▶ _TASK OBJECTIVE_: Repeat the records below exactly, line for line.

Web page caption snippets:
::::::

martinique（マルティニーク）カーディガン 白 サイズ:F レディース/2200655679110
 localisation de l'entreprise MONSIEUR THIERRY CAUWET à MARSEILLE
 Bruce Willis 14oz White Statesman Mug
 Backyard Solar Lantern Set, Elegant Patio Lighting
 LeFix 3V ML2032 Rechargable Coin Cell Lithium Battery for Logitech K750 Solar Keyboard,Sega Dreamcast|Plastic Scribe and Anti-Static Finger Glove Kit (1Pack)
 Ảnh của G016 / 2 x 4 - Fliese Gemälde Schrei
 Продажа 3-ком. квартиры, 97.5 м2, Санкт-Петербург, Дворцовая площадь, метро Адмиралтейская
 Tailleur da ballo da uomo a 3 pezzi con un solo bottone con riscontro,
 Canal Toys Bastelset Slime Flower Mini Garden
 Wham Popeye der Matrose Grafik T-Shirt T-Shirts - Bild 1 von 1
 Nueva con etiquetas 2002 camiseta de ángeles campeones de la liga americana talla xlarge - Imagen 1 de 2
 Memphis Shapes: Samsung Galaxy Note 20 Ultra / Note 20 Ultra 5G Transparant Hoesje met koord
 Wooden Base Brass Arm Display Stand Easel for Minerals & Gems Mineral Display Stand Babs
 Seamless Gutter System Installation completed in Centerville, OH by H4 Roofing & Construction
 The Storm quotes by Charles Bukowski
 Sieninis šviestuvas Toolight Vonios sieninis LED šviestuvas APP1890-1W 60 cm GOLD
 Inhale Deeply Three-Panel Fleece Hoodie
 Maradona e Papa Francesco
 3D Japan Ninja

::::::

▶ _PROBLEM SOLUTION_:
martinique（マルティニーク）カーディガン 白 サイズ:F レディース/2200655679110
 localisation de l'entreprise MONSIEUR THIERRY CAUWET à MARSEILLE
 Bruce Willis 14oz White Statesman Mug
 Backyard Solar Lantern Set, Elegant Patio Lighting
 LeFix 3V ML2032 Rechargable Coin Cell Lithium Battery for Logitech K750 Solar Keyboard,Sega Dreamcast|Plastic Scribe and Anti-Static Finger Glove Kit (1Pack)
 Ảnh của G016 / 2 x 4 - Fliese Gemälde Schrei
 Продажа 3-ком. квартиры, 97.5 м2, Санкт-Петербург, Дворцовая площадь, метро Адмиралтейская
 Tailleur da ballo da uomo a 3 pezzi con un solo bottone con riscontro,
 Canal Toys Bastelset Slime Flower Mini Garden
 Wham Popeye der Matrose Grafik T-Shirt T-Shirts - Bild 1 von 1
 Nueva con etiquetas 2002 camiseta de ángeles campeones de la liga americana talla xlarge - Imagen 1 de 2
 Memphis Shapes: Samsung Galaxy Note 20 Ultra / Note 20 Ultra 5G Transparant Hoesje met koord
 Wooden Base Brass Arm Display Stand Easel for Minerals & Gems Mineral Display Stand Babs
 Seamless Gutter System Installation completed in Centerville, OH by H4 Roofing & Construction
 The Storm quotes by Charles Bukowski
 Sieninis šviestuvas Toolight Vonios sieninis LED šviestuvas APP1890-1W 60 cm GOLD
 Inhale Deeply Three-Panel Fleece Hoodie
 Maradona e Papa Francesco
 3D Japan Ninja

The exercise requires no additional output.